Each line starting at the one that contains "5 Statistics to" and ending at the one that contains "Commutative diagram for bijection" must be returned exactly, and the rest of the listing is left out.

→ **Records for the exercise**:
____________________

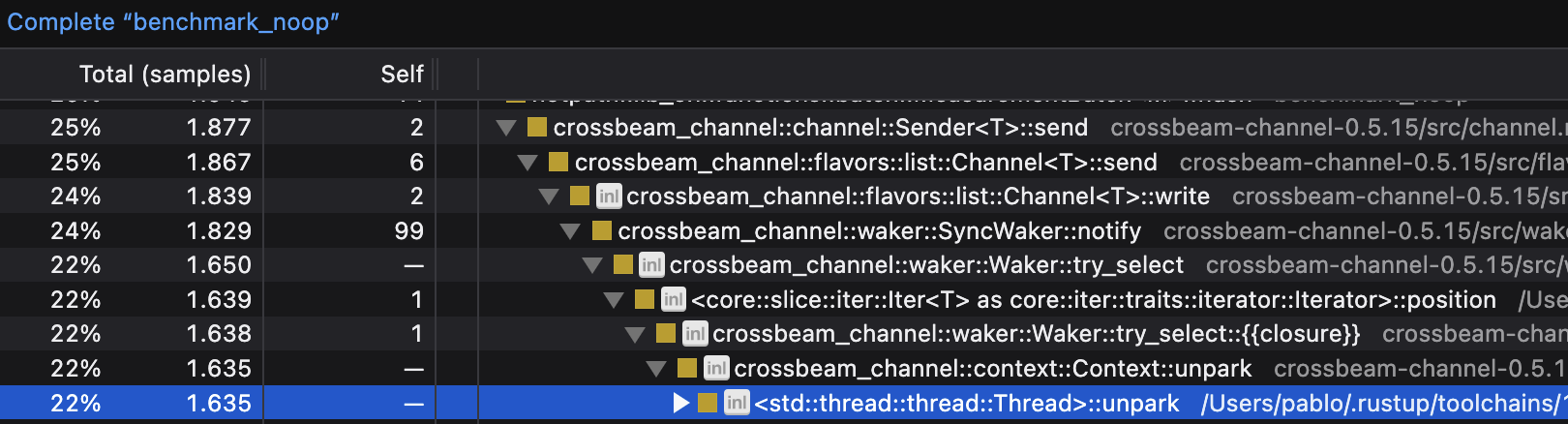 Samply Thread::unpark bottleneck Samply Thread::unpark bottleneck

____________________

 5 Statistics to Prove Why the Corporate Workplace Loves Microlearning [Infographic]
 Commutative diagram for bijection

____________________

→ **Answer**:
 5 Statistics to Prove Why the Corporate Workplace Loves Microlearning [Infographic]
 Commutative diagram for bijection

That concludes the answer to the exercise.